Hélène de Portes

Hélène de Portes (24 February 1902 - 28 June 1940) was a countess of France. She is remembered for the influence she exerted on her partner, Paul Reynaud, premier of France under the Third Republic at the time of its defeat in June 1940 at the hands of Nazi Germany.[1] A Fascist sympathizer, she was described as "a middle aged woman, with a shrill voice, and a clamorous, demanding manner, who chatted like a magpie and lost her temper with ease."[2] Charles de Gaulle called her "a turkey", while Winston Churchill nicknamed her "the parrot".[3]

Life

The Countess de Portes was born Hélène Marie Jeanne Rebuffel in 1902 in Marseille, the daughter of Charles Honoré and Jeanne Marie Juliette (née Sans) Rebuffel.[4] Her father was a civil engineer and director of Société des Grands Travaux de Marseille from 1917 to 1939. Hélène Rebuffel was introduced to Paul Reynaud in the early 1920s by Andre Tardieu, a friend of her father's, much to his displeasure, and he actively sought other suitors. She eventually married the Italian Count Henri de Portes, but they separated after she had borne him two children: a son, Hervé, in 1930, and a daughter, Anne Juliette Caroline, in 1932.[3] De Portes became Paul Reynaud's mistress in 1938 after he and his wife separated; she died in a road accident in 1940.

Reynaud's premiership

As Reynaud rose through the upper ranks of his party, the Democratic Republican Alliance, de Portes' status moved upwards with him. She was described by insiders as la porte à côté, the side door through which interested persons could gain access to the state of mind of the French government.[5][6]

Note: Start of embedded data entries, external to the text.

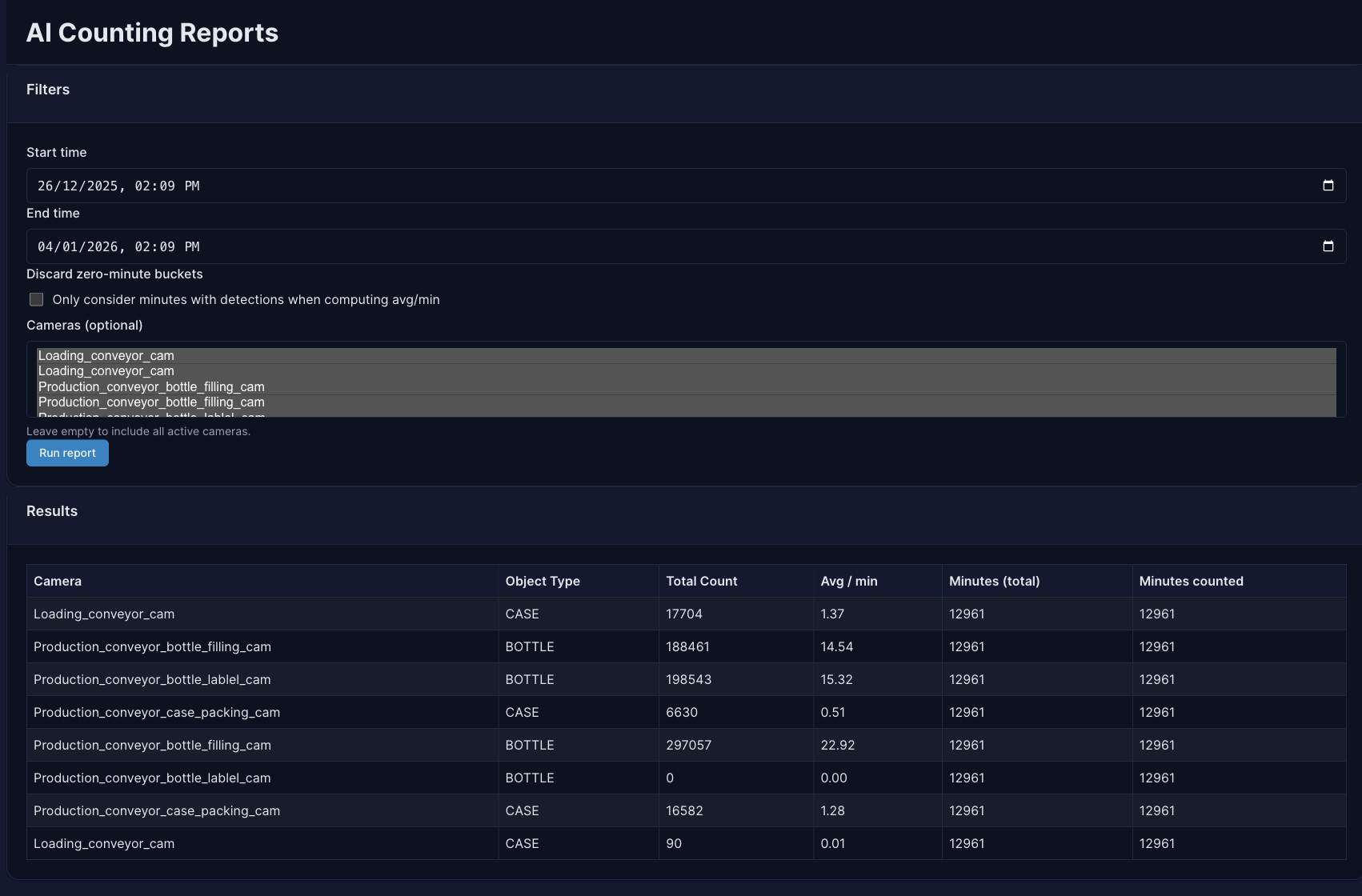 Loading AI Verification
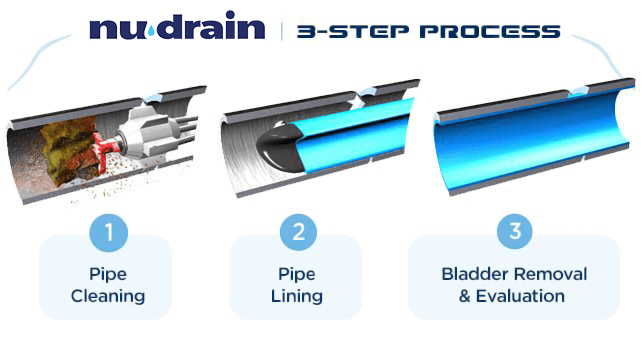 3-Step-Process-NU-DRAIN-updated4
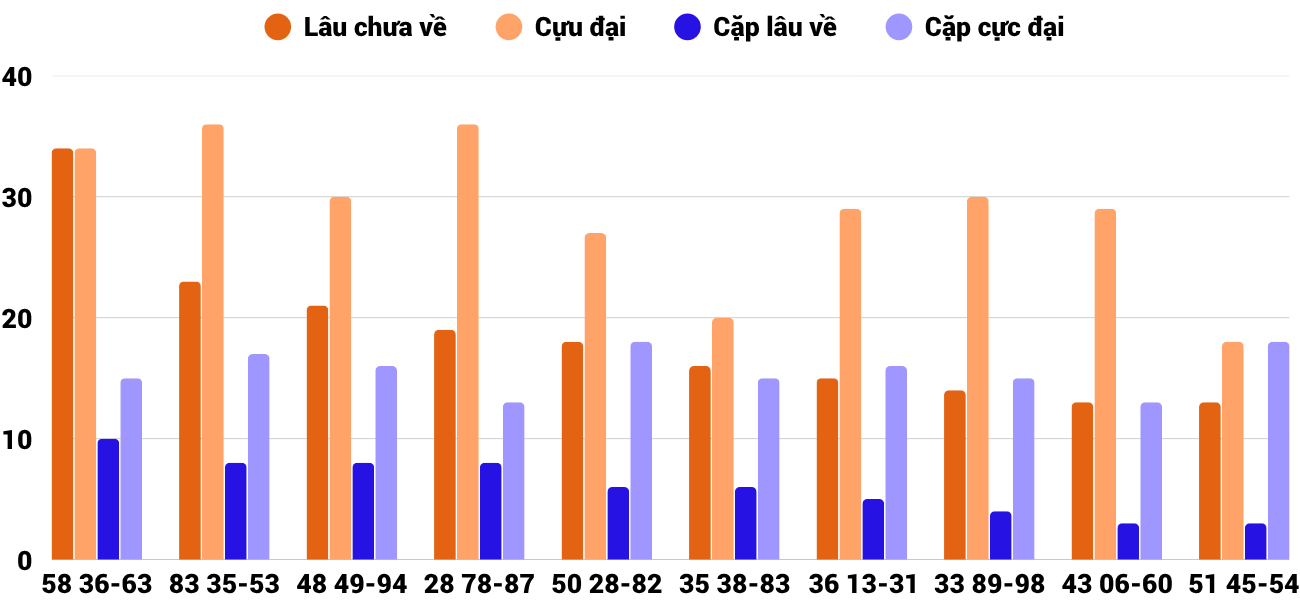 Thong-ke-cap-so-lau-chua-xuat-hien-xstth-20-10-2025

As the power of Nazi Germany grew, Reynaud was identified by many French voters and parliamentary deputies as a strong voice of resistance. He became Minister of Finance in 1938 and on 21 March 1940, after the German occupation of Poland, became Prime Minister of France. As such, he led a government whose status depended on its alliance with the United Kingdom. However, while the French alliance with Britain was strategic policy from the standpoint of the fight against Hitler, the alliance was obnoxious to de Portes, who has been described as "so violently anti-British that Hitler had once sent an emissary to woo her favours."[7]

Reynaud's ability to lead his government against the Axis was compromised by his partner, who was on terms of friendship with the ambassadors from Mussolini's Italy[8] and Hitler's Germany.[9]

Battle of France

After the catastrophic Battle of Sedan, and the subsequent German offensive on the Allied defence line centered on the Somme river, the French forces and civilian government were forced to leave Paris. On 10–13 June 1940, Reynaud tried to re-establish his government at Tours. To reorganize the forces, he opened intensive negotiations on 12 June with the maverick general Charles de Gaulle, but de Portes personally intervened in their discussion and threw a tantrum in their presence at the prospect of what she considered to be futile further warfare.[10] De Portes held a particular antipathy towards Winston Churchill and during one meeting at Tours, according to his bodyguard Walter Thompson, lunged at Churchill's throat with a knife she had concealed within her Christian Dior dress.[11][12]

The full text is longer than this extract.